Investment in real estate development nationwide grew rapidly last year but there still seems to be an inadequate supply of small and medium-sized apartments domestically almost two years after the 70/90 policy was introduced, an industry report has concluded.
"Statistics compiled in 40 major Chinese cities between January and December 2007 have found that approved space for pre-sale and registered sold space for apartments below 90 square meters in size both accounted for about 25 percent of the total, which means a full digestion of such products over the past 12 months,'' said the report, conducted annually by the China Real Estate Association and released yesterday on the Website of Shanghai Real Estate Association.
In May 2006, the Ministry of Construction announced that the combined GFA (gross floor area) of all residential units below 90 square meters should account for more than 70 percent of the total GFA of a project. The policy, applied to residential developments that were given approval to commence work after June 1, 2006, was designed to raise the supply of small and medium-sized homes and discourage the building of luxury houses.

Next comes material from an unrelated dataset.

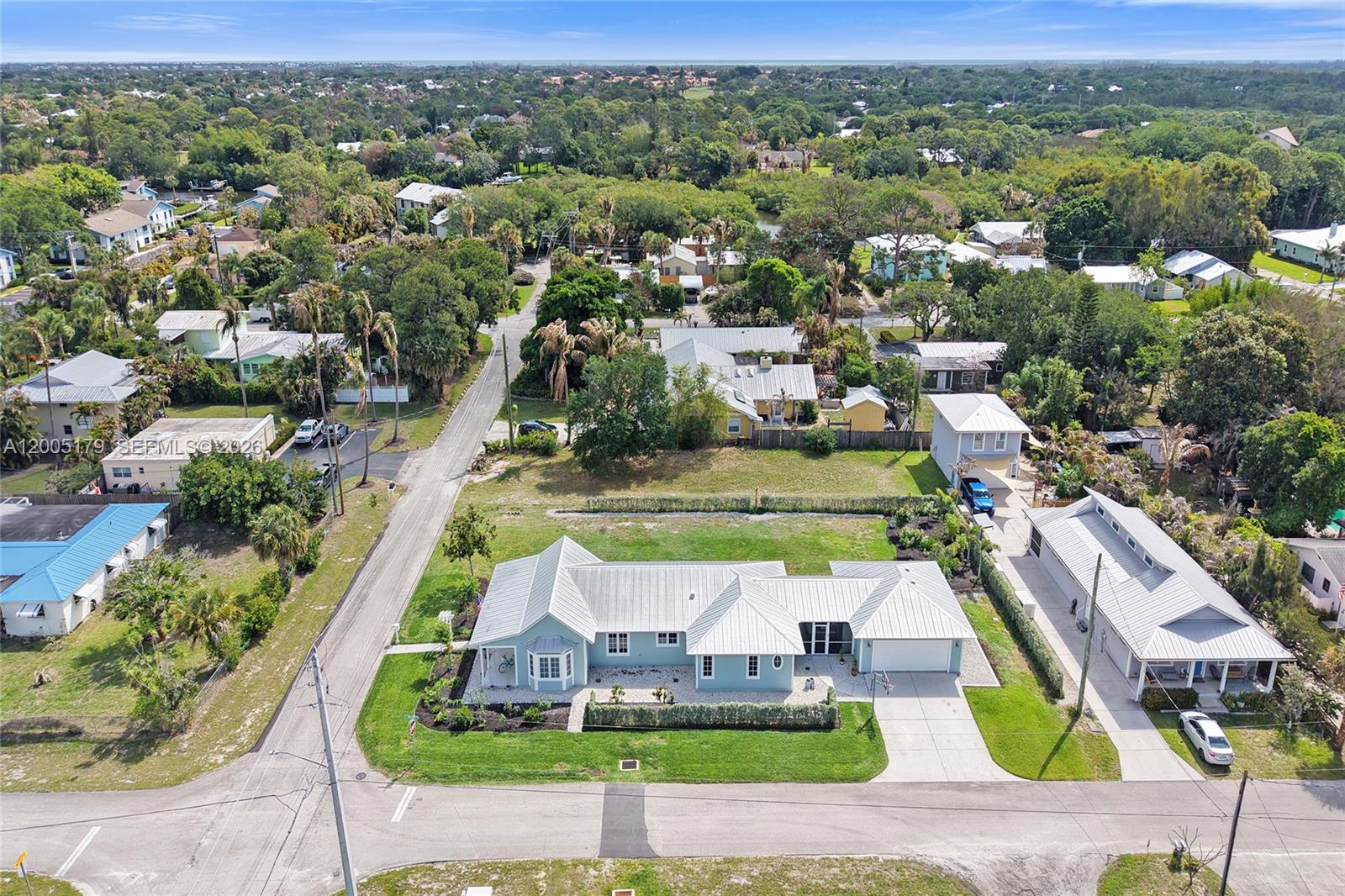 SALERNO SHORES - Residential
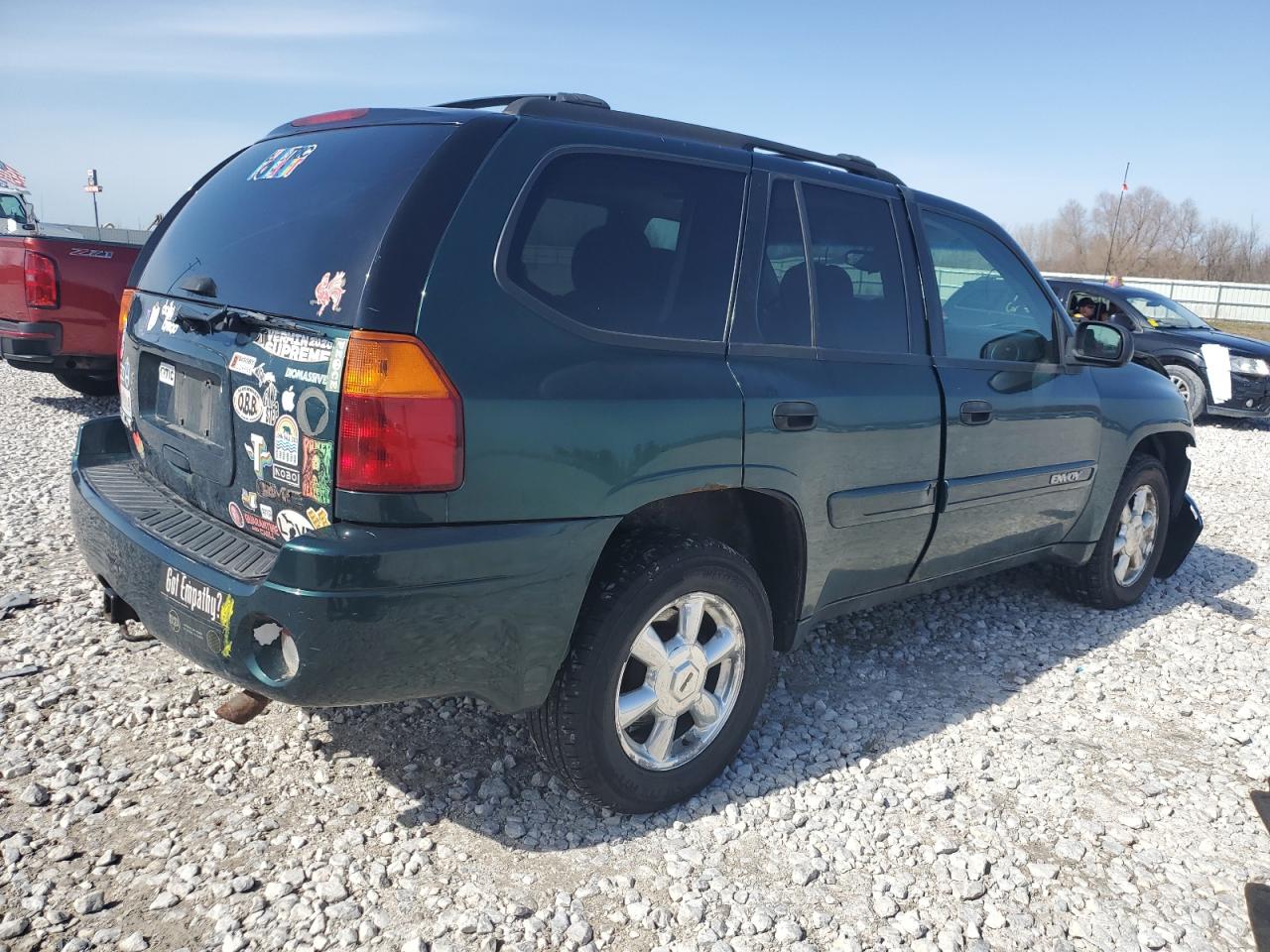 Photo 2 VIN: 1GKDT13S752254204 - GMC ENVOY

As housing prices soared over the past few years in the country, domestic demand for small and medium-sized apartments remained robust.
A survey conducted at the end of last year by China Index Academy, a national real estate research organization, has found that more than 40 percent of people in Shanghai, Beijing, Wuhan and Shenzhen preferred to buy apartments smaller than 90 square meters while another 35 percent said they would like to purchase residential units between 90 and 100 square meters.